[Work instructions]
When a line in the data below includes "phase", count it; then give only the total.

[Data for this exercise]
○ ○ ○ ○ ○ ○ ○

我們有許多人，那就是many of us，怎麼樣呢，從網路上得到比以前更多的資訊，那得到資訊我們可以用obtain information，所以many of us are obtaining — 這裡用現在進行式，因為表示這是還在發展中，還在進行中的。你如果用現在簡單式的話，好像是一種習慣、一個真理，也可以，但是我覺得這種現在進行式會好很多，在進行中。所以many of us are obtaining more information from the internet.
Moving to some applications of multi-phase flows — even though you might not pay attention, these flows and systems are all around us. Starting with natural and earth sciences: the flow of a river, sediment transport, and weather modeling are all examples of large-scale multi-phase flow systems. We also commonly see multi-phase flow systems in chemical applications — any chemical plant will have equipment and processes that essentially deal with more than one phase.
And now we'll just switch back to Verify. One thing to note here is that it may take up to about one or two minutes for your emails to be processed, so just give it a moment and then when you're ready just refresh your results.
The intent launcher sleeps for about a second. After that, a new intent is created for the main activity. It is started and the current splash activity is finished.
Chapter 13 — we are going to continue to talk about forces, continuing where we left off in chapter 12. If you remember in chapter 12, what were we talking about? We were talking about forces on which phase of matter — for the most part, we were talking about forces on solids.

○ ○ ○ ○ ○ ○ ○

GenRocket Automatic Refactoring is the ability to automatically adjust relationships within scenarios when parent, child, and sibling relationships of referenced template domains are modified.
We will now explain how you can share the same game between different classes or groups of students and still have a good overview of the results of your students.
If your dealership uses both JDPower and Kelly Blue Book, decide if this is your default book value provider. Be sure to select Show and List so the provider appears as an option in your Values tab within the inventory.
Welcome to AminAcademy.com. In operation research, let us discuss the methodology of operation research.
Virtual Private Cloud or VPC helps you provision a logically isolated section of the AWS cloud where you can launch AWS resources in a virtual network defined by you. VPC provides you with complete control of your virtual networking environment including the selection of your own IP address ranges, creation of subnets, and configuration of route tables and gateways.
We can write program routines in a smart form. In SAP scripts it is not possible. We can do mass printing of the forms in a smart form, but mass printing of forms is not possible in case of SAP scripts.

○ ○ ○ ○ ○ ○ ○

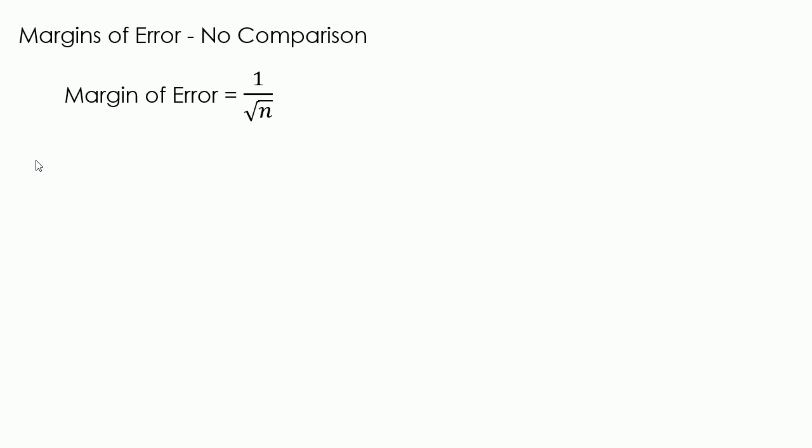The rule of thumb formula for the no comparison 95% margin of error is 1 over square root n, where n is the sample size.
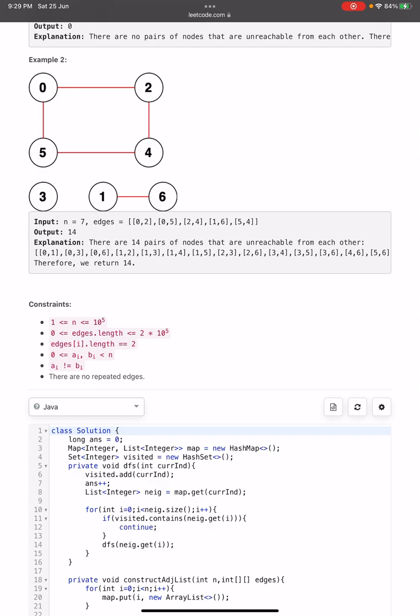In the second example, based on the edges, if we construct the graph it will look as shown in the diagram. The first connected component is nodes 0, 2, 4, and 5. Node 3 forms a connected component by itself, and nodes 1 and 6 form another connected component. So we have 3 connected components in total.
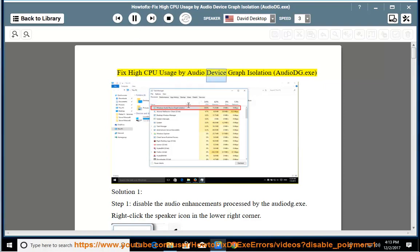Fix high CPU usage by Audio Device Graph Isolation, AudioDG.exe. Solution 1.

○ ○ ○ ○ ○ ○ ○

[The answer]
2